Jerusalem’s cultural identity is more closely connected to the details of daily life than the city’s religious significance. The whole of Palestine and Jerusalem in particular is locked in a constant struggle with Israel’s colonization efforts which seek to erase Palestinian identity and culture from the occupied land.
This year’s festival is scheduled to start in early November and last until December 1. The opening event will be held in Jerusalem before the festival moves on to Ramallah, Bethlehem, Nablus, Hebron, and, for the first time, Gaza.
“Jerusalem is in need of initiatives that help to reinforce the identity of its Palestinian residents, and Arabic music is essential in such efforts,” he explains. “We are facing an occupation even in music.
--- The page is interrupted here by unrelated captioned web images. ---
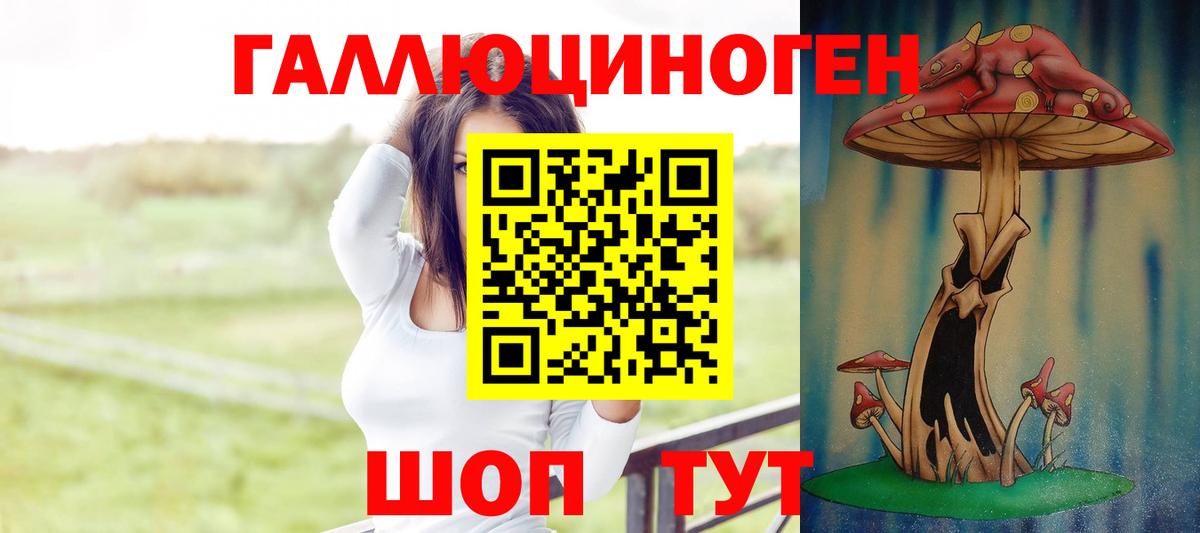 Псилоцибиновые грибы Psilocybine cubensis Реутов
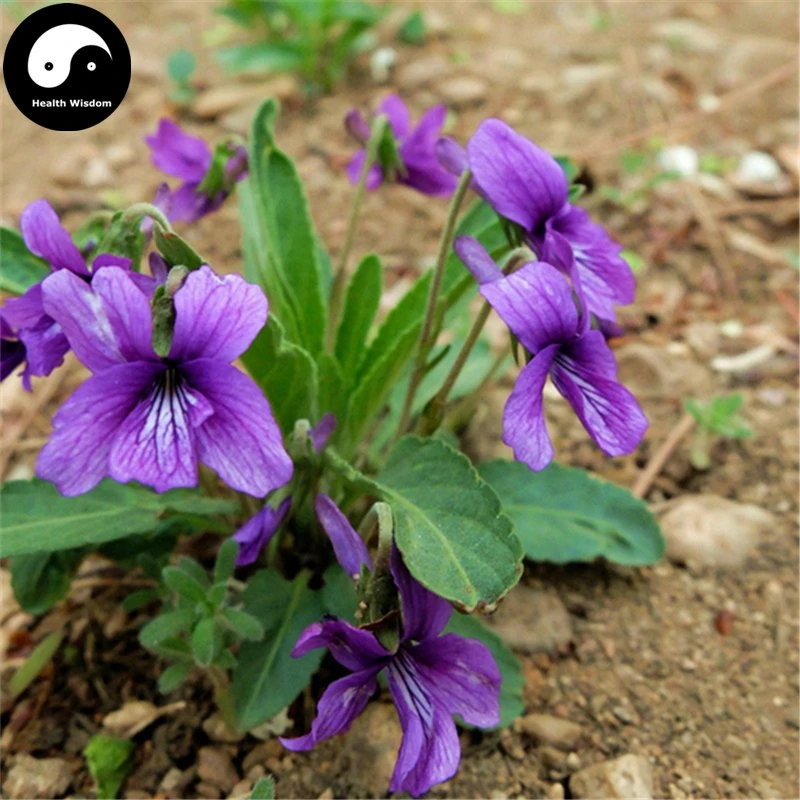 Buy Herba Violae Semente 200pcs Plant Philippine Violet Herb For Zi Hua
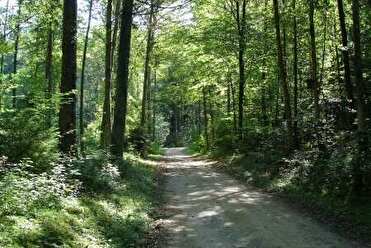 Im Hunzenschwiler Wald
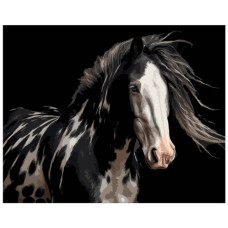 картина за номер. Strateg 40х50см. "Розкішний кінь"  АН1296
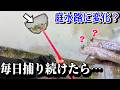 庭の水路で外来種捕りまくったら変化が起きた…?!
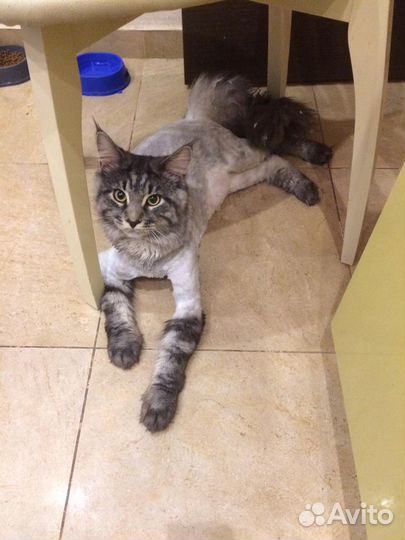 Стрижка кошек и котов без наркоза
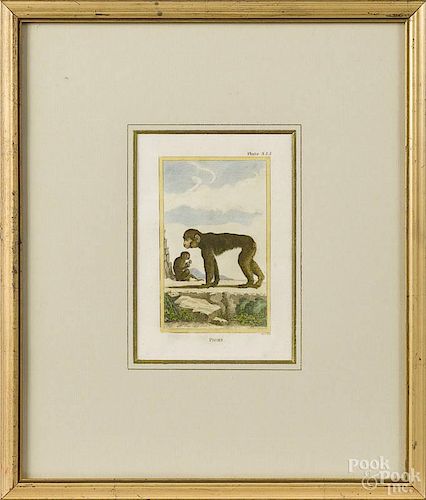 Set of five color engravings of monkeys, 19th c., by Warner, 5'' x 3 1/4''.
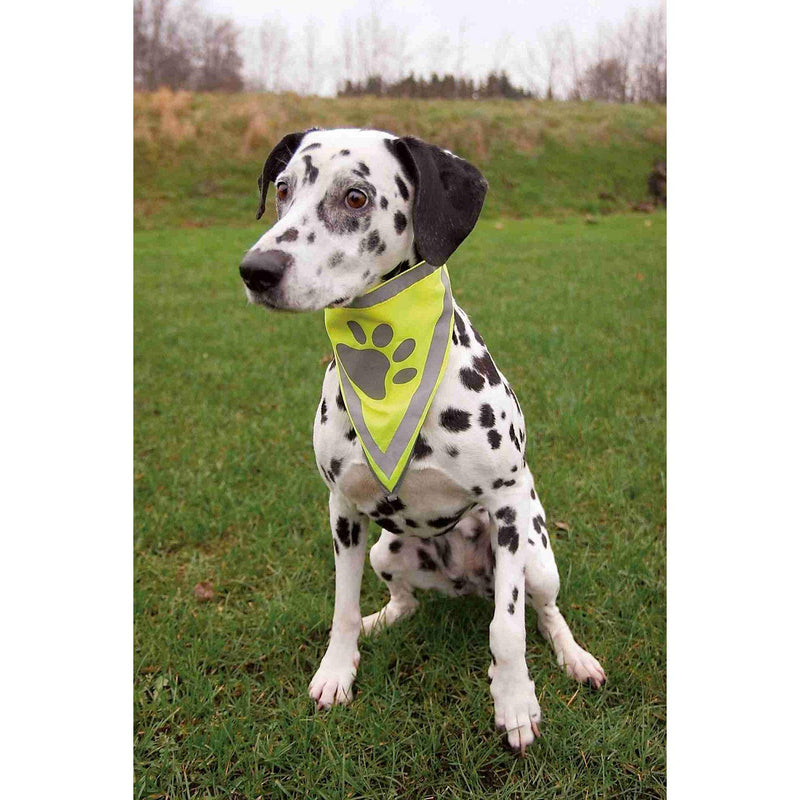 Trixie Safer Life Neckerchief for Dog, 42 cm S-M 29 - 42 cm - PawsPlanet Australia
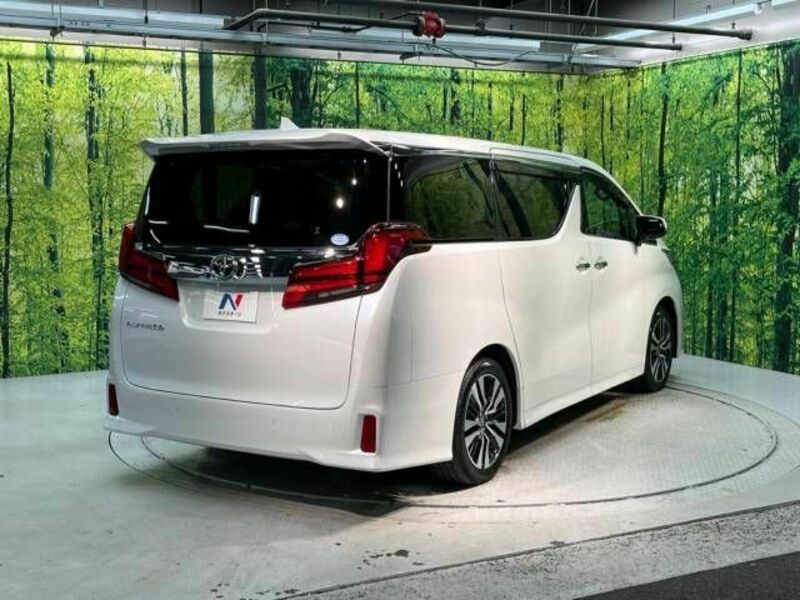 ALPHARD-17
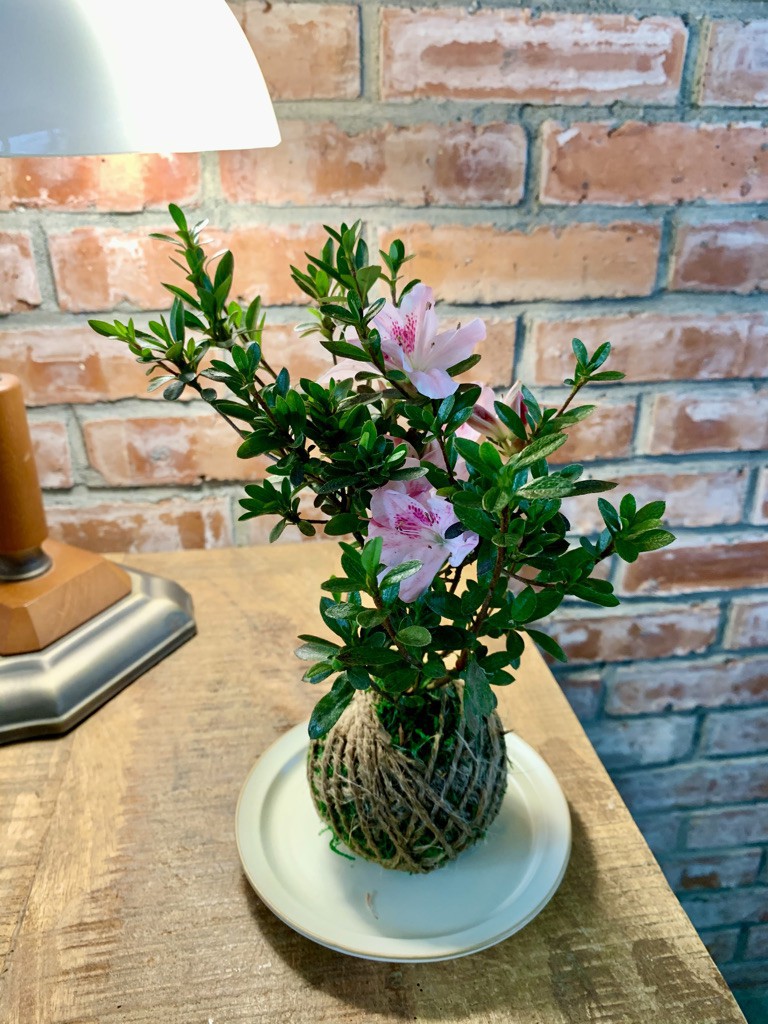 杜鵑苔球花。 圖：新北市農業局提供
Whoever lives in Jerusalem can always hear Hebrew music blaring in the streets.”
The focus on tarab, a highly evocative style of music that emerged in the early 20th century, was inspired by the festival founders’ appreciation for the importance of this musical tradition.
The festival features both old and new tarab, reaching out to new Palestinian bands that draw on tarab and reinterpret it in their own music.
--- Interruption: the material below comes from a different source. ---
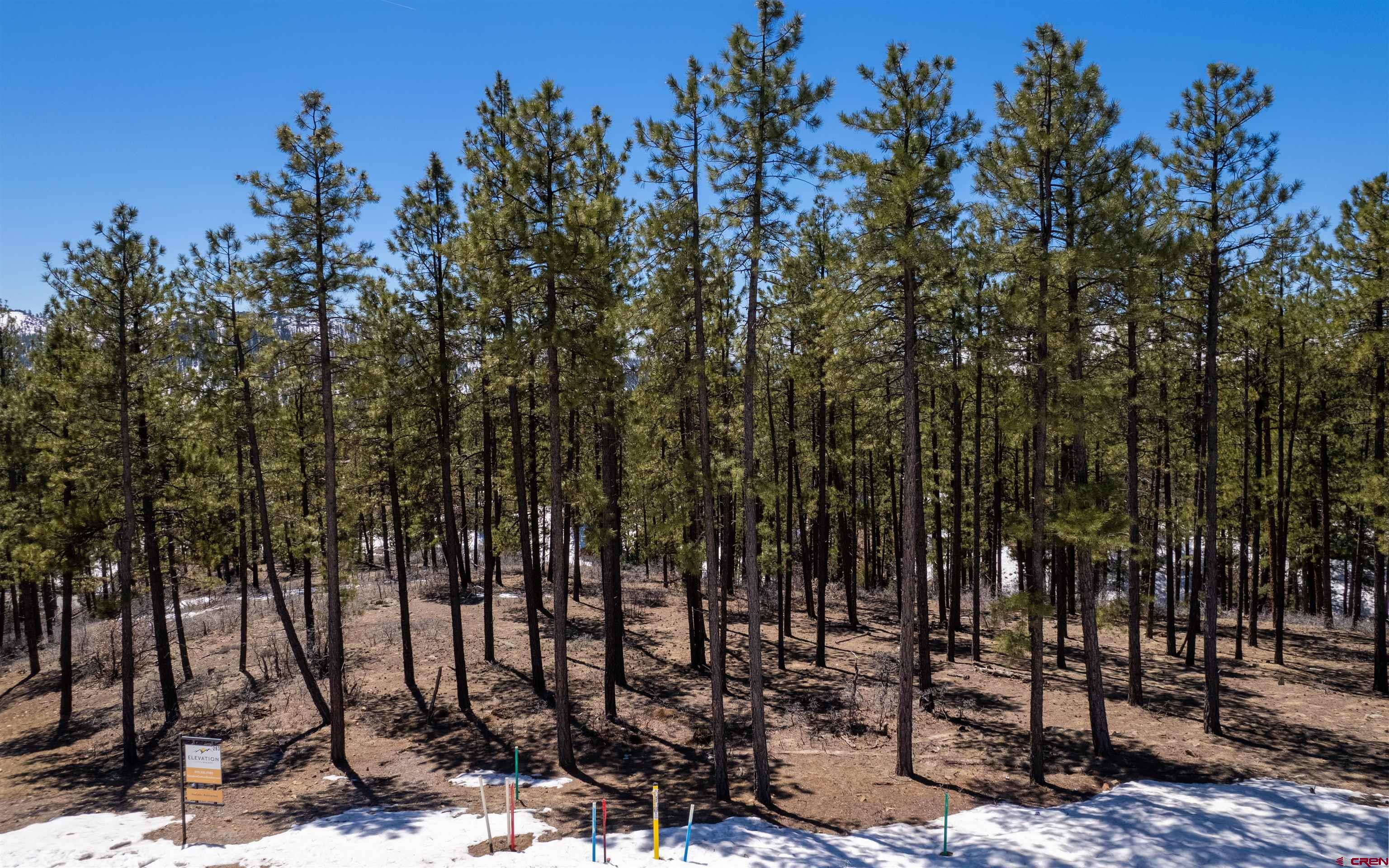 Photo of 1051 Red Canyon Trl in Durango, CO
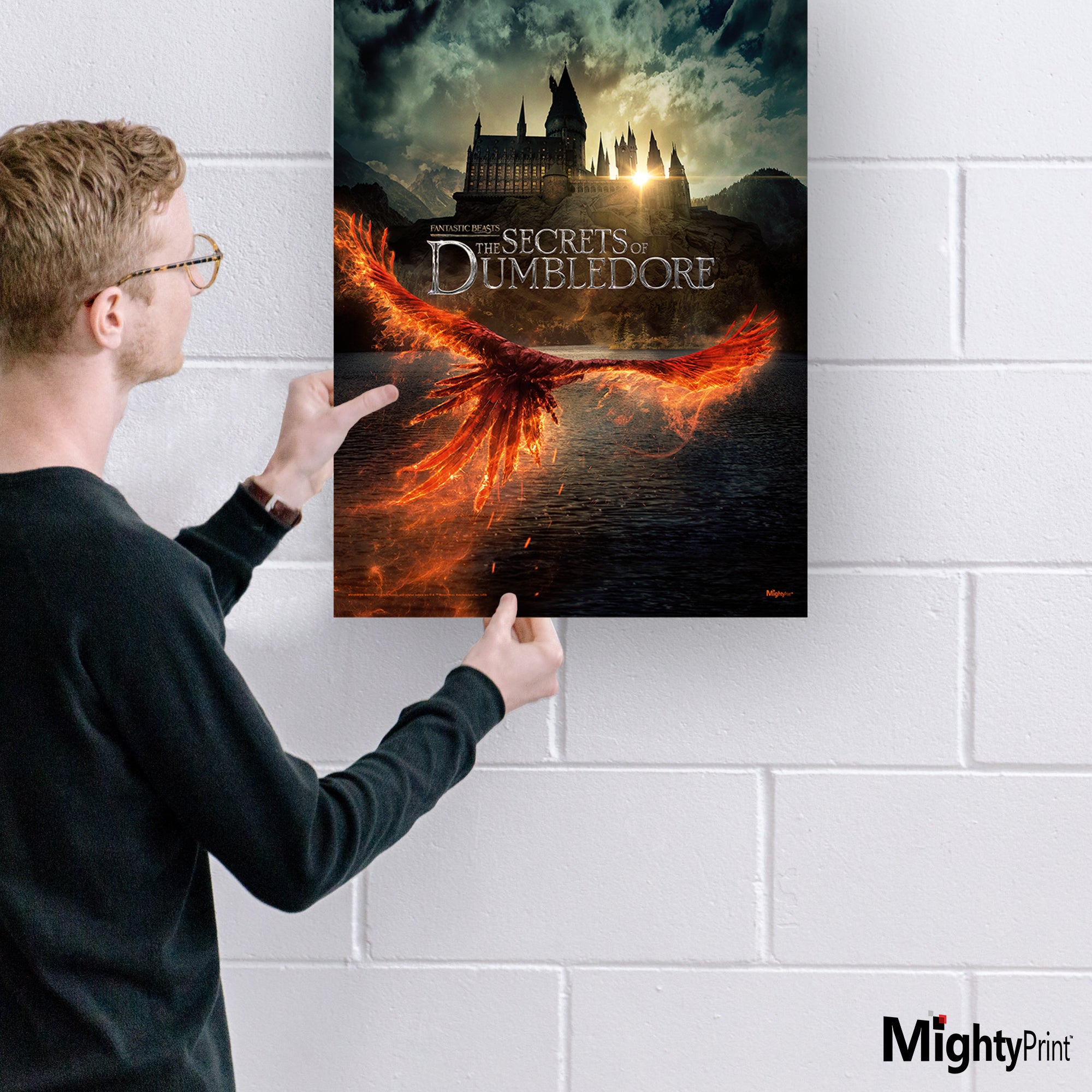 Fantastic Beasts: The Secrets of Dumbledore (Movie Poster) MightPrint Wall Art MP17240739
Unfortunately, this year’s festival will not feature some of the Arab musicians it has in the past, mainly due to complications posed by the Israeli occupation. Some Palestinian bands who reside abroad, such as the Khouri Trio, have been invited to perform.
They will share the stage with other Palestinian performers like Nai al-Barghouthi who will be making her first appearance as a singer after having participated previously as a musician with the conservatory band.
Several Palestinian bands from the 1948 occupied territories will also be taking part, including the Seraj Choir, Watar Ensemble, Dalal Abu Amneh, Ramsis Qassis, and Roseanne Khouri.
Student bands from the Edward Said conservatory, like Maqamat al-Quds, Turath from Ramallah, and the Bethlehem Ensemble will also be appearing.
All Jerusalem performances will be held at the Hakawati Theater before appearing in other Palestinian cities, including the Gaza Music School that is now part of the national conservatory.